That historic chapter of Australian television feels like it ended with Brides of Christ, a 1991 six-part miniseries set in a 1960s Sydney convent school that made stars out of then-newcomers Naomi Watts and Kym Wilson (alongside a minor appearance by a young Russell Crowe) and featured Oscar-winner Brenda Fricker (coincidentally named after Sister Agnes). In many ways, Lambs of God is like the twisted sister of this extremely popular show – not just in terms of their shared religious themes, but also in their ability to balance thought-provoking ideas around female self-determination and faith-related struggles with a not-insignificant streak of accessibility. In Brides of Christ’s case, what made the series memorable was its handling of conflicts around romance and sexual awakening. For Lambs of God, it is the way the show wades in the shallower end of the genre pool, giving viewers splashes of macabre ghoulishness.

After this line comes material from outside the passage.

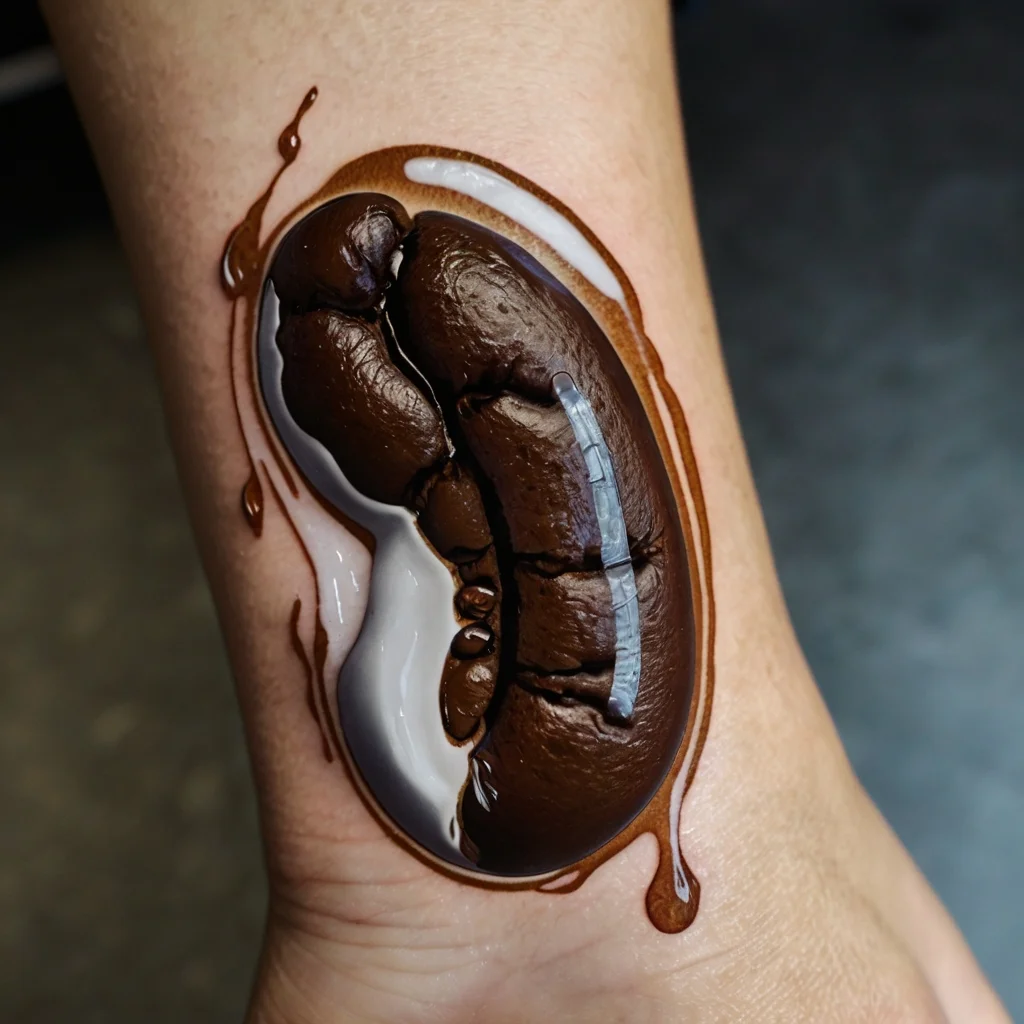 Hyper-realistic coffee bean tattoo with milk splashes, creating a 3D effect on the skin.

The rest of the world may not care to recognise Australian TV as being on par with whatever sparkly new Netflix title is being beamed into living rooms every week like clockwork, but Lambs of God makes for a strong contribution to whatever global small-screen renaissance may be happening. And what a ripper of a yarn it is.


Outside the convent(ion)

Part of what has placed Lambs of God above the fray is how distinctly Australian it feels. While its press materials state that the story is set in the fictitious island of Cailleach, off the coast of Ireland,[iii] the storyworld itself is vague about where the action is happening. British and Irish accents, although not especially thick ones, can be heard among the melange of generic accent work, which only adds to the ambiguous sense of place. Without a location explicitly spoken of, I actually inferred from topographic details that this world was supposed to be Tasmania (and, indeed, it was partly filmed there, as well as in Sydney, the Blue Mountains and the south coast of New South Wales[iv]).

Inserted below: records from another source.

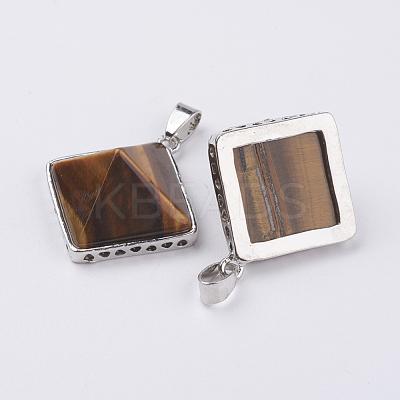 Natural Tiger Eye Pendants G-E442-02D-1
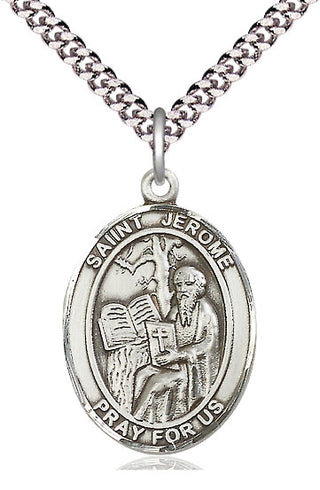Sterling Silver Saint Jerome Medal Catholic Jewelry Engraved Catholic Saint Jewelry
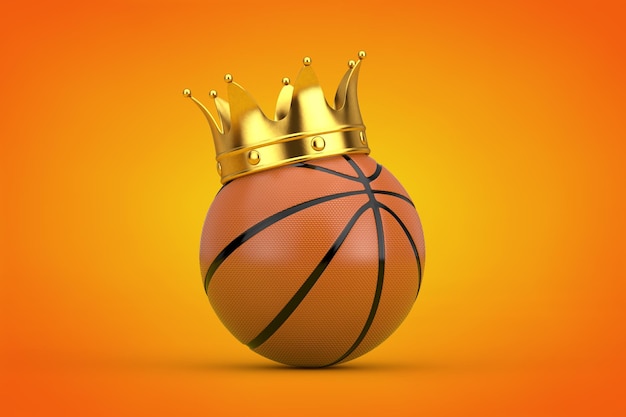 Bola de basquete laranja com coroa dourada em uma renderização 3d de fundo laranja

In genre terms, the series sits perfectly alongside other recent Australian Gothic titles like 2016’s The Kettering Incident, about (maybe) UFOs and (definitely) missing girls in a Tasmanian logging town (and my favourite piece of Australian dramatic television in years, with its debt to Twin Peaks a significant help), and 2018’s much-ballyhooed[v]Picnic at Hanging Rock reboot. It even has a thematic link with the lauded, colonial-Tasmania-set feature The Nightingale (Jennifer Kent, 2018), with both recounting the experiences of women forgotten about on the fringes of the world and fighting to ensure they are not swept aside.

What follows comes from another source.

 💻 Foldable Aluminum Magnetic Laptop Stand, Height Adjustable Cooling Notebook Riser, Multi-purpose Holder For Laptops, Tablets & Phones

Like the above titles, Lambs of God has a technical prowess that is just as impressive as whatever American product is sweeping the Emmys. Xanthe Heubel’s costumes strike a fine balance between visual impact and character specificity, best seen in the heavy, woven robes into which the sisters symbolically knit their personal journeys (particularly the vivid blue design that shines in the final episode) and the out-of-sorts elegance of the day clothes sported by one character upon their return to the mainland. Bryony Marks’ score has fits and flourishes amid its moody atmospherics, while the cinematography of Academy Award nominee Don McAlpine is suitably lush, making rich use of deep, earthy colours and scattering pops of brightness scattered throughout. I was especially taken by the production design of Chris Kennedy, who has gifted director Jeffrey Walker with nooks and crannies, cast-iron structures and vine-covered gardens within which to unfold the narrative.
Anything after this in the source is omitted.